In the light of provisions of Order 22 Rule 10 CPC, learned counsel for the petitioner has laid emphasis on the trial court judgment to show that the trial court while allowing the application has duly considered the material placed on record i.e. agenda, list of members, who participated to elect Rama Kant Kaushik as Mantri/ Pradhan Mantri of the Samiti and the resolution dated 4.10.2009 on this premise according to the learned counsel stands in consonance with law. Learned counsel further submits that the convening of meeting on 4.10.2009 was sought to be disbelieved merely on the ground that the petitioner (Rama Kant Kaushik) was ousted from the membership of executive body of the Samiti but there was no evidence placed on record to the effect that he was ousted from the membership of the executive body. The trial court has also recorded that no other member of the society has come forward to file any affidavit or evidence on the basis of which the convening of meeting on 4.10.2009 may be disbelieved. The trial court in absence of any dispute to the documents placed on record allowed the application.
Whether the trial court for allowing the application under Order 22 Rule 10 CPC was duty bound to record evidence on the issue of devolution in interest or it was enough for the Court to follow a summary procedure while deciding the application is the question that calls for an answer in these proceedings?
In support of his contentions, learned counsel for the petitioners has cited the decision of Bombay High Court in Jawahar Lal v. Smt. Saraswatibai Babulal Joshi & Ors., AIR 1987 Bombay 276 as well as the decision passed by this Court in Ram Kumar & Anr. v.
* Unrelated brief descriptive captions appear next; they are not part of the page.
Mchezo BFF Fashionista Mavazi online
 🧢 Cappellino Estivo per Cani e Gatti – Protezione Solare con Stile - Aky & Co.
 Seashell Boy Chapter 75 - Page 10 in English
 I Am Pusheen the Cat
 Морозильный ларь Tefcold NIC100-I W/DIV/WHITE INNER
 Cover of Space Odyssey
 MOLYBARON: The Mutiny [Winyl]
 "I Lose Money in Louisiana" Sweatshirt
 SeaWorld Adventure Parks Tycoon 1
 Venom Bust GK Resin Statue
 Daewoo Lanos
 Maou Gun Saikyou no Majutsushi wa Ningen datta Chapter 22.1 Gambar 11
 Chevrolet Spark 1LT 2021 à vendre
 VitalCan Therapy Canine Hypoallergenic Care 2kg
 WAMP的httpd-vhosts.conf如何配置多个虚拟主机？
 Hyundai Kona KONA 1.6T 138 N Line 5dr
Union of India, 1976 (2) ALR 758. While inviting attention of the Court to Paragraph 5 and 6 of Bombay High Court judgment, learned counsel for the petitioner states that Order 22 Rule 10 CPC is different from the category of cases, which fall under Order 22 Rule 1 to 9 CPC. Paragraph 12 of the judgment reported in AIR 1987 Bombay 276 is reproduced below:-
"12. Having regard to the provisions of O.22, R.10, Civil P.C. and the authorities to which I have referred, it is apparent that no detailed enquiry at the stage of granting leave is contemplated. The Court has only to be prima facie satisfied for exercising its discretion in granting leave for continuing the suit by or against the person on whom the interest has devolved by assignment or devolution and the question about the existence and validity of the assignment or devolution can be considered at the trial of the suit on merits. this being the legal position the order passed by the learned trial Judge was correct and no interference with the discretion exercised by him is called for."
The same position of law is reiterated in the judgment passed by this Court reported in 1976 (2) ALR 758.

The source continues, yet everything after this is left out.